I know I shouldn't brag about thrift shop and dumpster dive finds, but I just can't stop! (Buying, bragging about or diving for studio gear!)
Comments
* My palette is a picture frame with waterproof tape over the join of the glass and the wooden frame.
*A recent purchase is a $4 plaster trowel from a second hand store to help me paint straight lines since my eye operation has left me unable to see straight lines without distorted lumps and hollows. This way, I know it is straight even if it does not look that way to my eye! It is a pleasure to hold now i have sanded and oiled the wooden handle and polished metal the blade.
*I have been pleased with a $40 table easel I bought at a junk shop. Not only is it useful as an easel, but I was able to hinge a table top on it which turned it into a collapsible table for me to use at the local market where I sold some of my calendars. Now it is dual purpose which is even better.
*2 great old wooden microscope boxes I use for transporting my paint tubes if going outdoors or to a different venue to paint.
*I made an adjustable shelf which sits under the painting on the easel at home. I have the handles from a broken cast iron fire waffle iron which stick in the holes on the easel and the shelf sits on that.
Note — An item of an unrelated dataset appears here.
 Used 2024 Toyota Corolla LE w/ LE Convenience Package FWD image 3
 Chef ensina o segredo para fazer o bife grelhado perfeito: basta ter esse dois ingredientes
It holds brushes and the palette, I can adjust it up and down as required.
*My easel sits on the wooden cap from an old shearing shed wooden wool press. I added casters to the cap years ago for shifting heavy furniture. Now the easel sits on it so I can move it around. It is better than adding casters directly to the easel, since it gives the easel a solid base on which to store paint.
*I love my collection of wooden frames collected from junk shops over the years. Not only are they useful, but they make a pretty display in my sitting room.
*Many of my easels I made myself from wooden fence droppers and other sundry wood I had around.
*Rather than taking an old wooden cot to the charity shop, I painted it in blackboard paint and now store my old paintings and new canvasses in it.
*Recently I was given 2 wheeled metal bread trolleys from a supermarket. They are useful for all my art folders and paper works.
I have always found satisfaction on fixing, or repurposing unwanted items and doing so for art equipment comes naturally to me!